Поэты — пророки! Но много ли стих их,
Пусть певчий, расскажет об том нам,
Что в гибельной глуби их призрачных психик
Спит сном утомленным и томным?

Поэт в России — разведчик в неприятельском тылу. Когда на Западе поэтическая техника разрабатывалась согласованными усилиями дружных поэтических «школ», когда там над ней трудились сначала романтики, потом символисты, в России каждый поэт работал одиноко, на свой страх и риск, прорываясь к читателю силой личности, воли, потраченными нервами и самой недолгой жизнью:

Так здравствуйте, девы Эриннии!
Вас ждут Дант и Гете; прошу быть
Как дома.
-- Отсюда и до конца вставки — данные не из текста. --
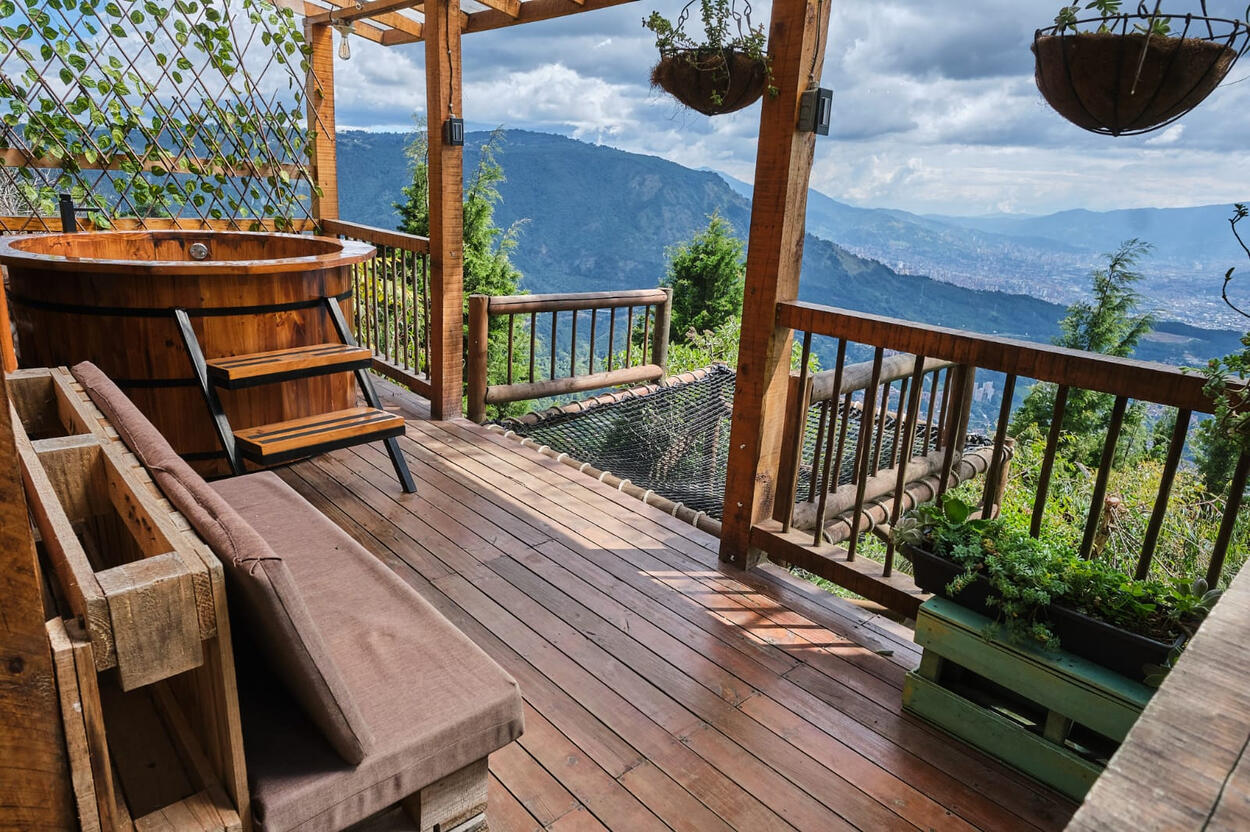 Private Mountainside Treehouses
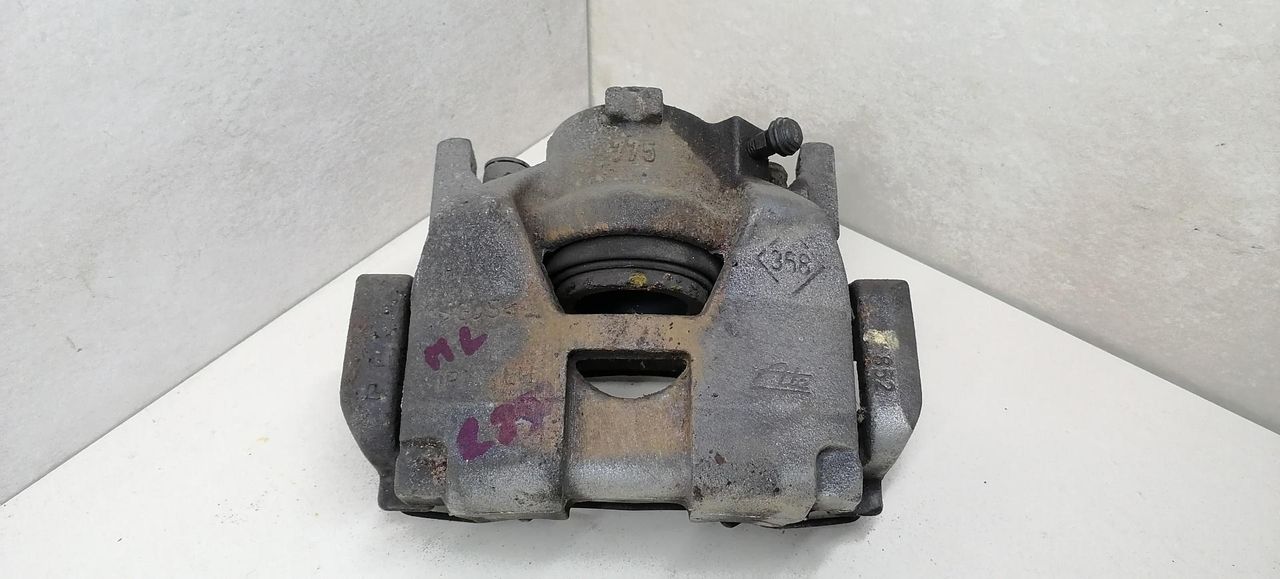 суппорт передний левый Renault Laguna 3 поколение 2007, 2.0 л., DCi, M9R 802, дизель, 6МКПП, голубой, хетчбэк 5 дв., ATE - фото №1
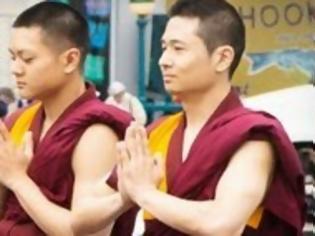 Φωτογραφία για Μοναχοί του Θιβέτ χορεύουν breakdance! - Πρωτότυπο βίντεο!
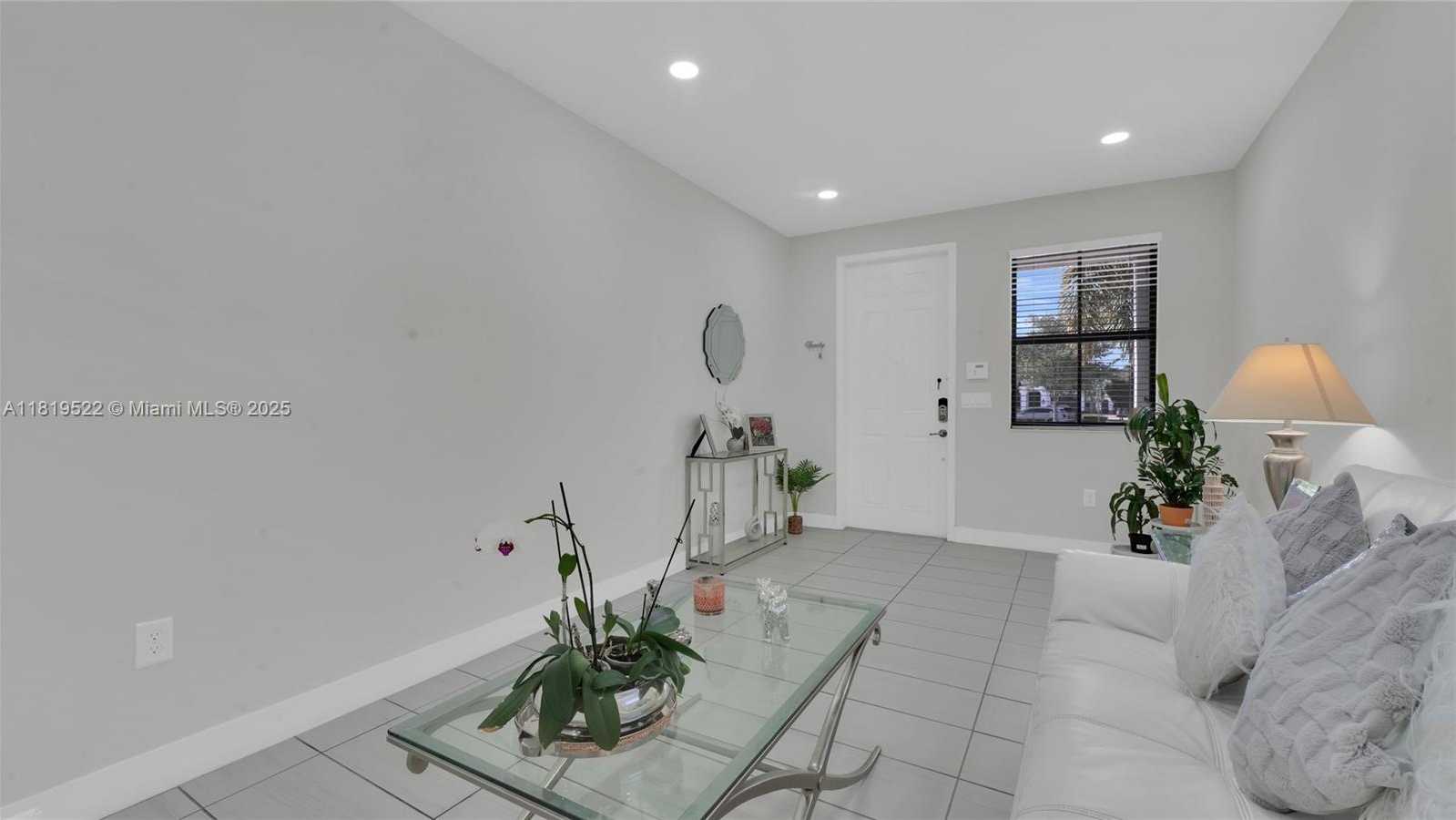 Small Image of 10380 NORTH WEST 88TH TER, Doral Number 6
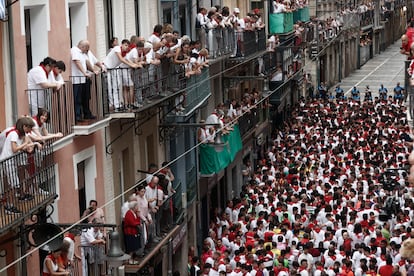 Ambiente en la calle Estafeta previo al quinto encierro de los sanfermines.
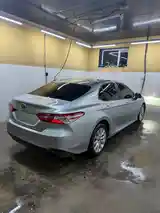 Toyota Camry, 2018-4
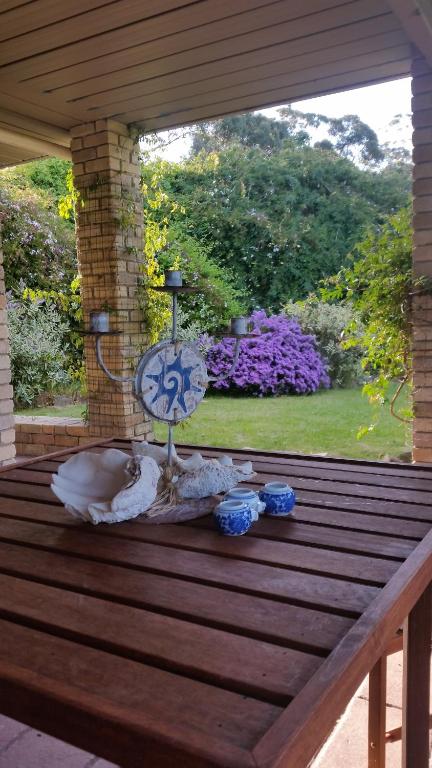 Beezneez B & B - Accommodation Guide 4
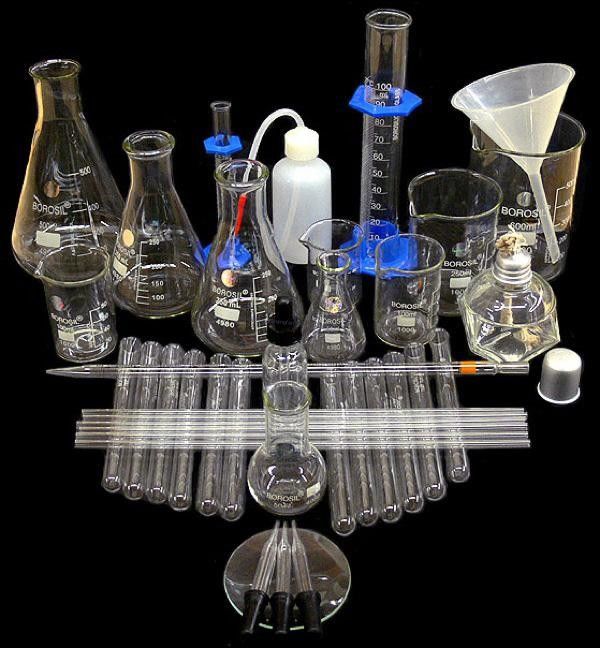 Acidic Materials Lab Glass Bottles , Science Lab Glasses Low Thermal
Увы! север — в инее,
Но Конфуций стряхнет ваши шубы.

Не листья в осень, праздный прах, который
Лишь перегной для свежих всходов, — нет!
Царям над жизнью, нам, селить просторы
Иных миров, иных планет!

И все же «закладывая фундамент для храма», Брюсов сумел не опуститься до постройки заурядной гостиницы:

Беден мой след!
ношу лет
знать — охоты нет!
ветер, непрошен ты!
Пусть бы путь досягнуть
мог до больших границ,
прежде чем ниц
ринусь я, сброшенный!

Пятьдесят лет —
пятьдесят вех;
пятьдесят лет —
пятьдесят лестниц...
Еще б этот счет! всход вперед!
и пусть на дне —
суд обо мне.
мировых сплетниц!

«Автору может быть сделан упрек, что в них (стихах) слишком часто встречаются слова, не всем известные: термины из математики, астрономии, биологии, истории и других наук, а также намеки на разные научные теории и исторические события. Автор, конечно, должен признать этот факт, но не может согласиться, чтобы все это было запретным для поэзии. Ему думается, что поэт должен, по возможности, стоять на уровне современного научного знания и в праве мечтать о читателе с таким же миросозерцанием.
Было бы несправедливо, если бы поэзия навеки должна была ограничиться, с одной стороны, мотивами, о любви и природе, с другой — гражданскими темами. Все, что интересует и волнует современного человека, имеет право на отражении и поэзии». Валерий Брюсов. 1922 г.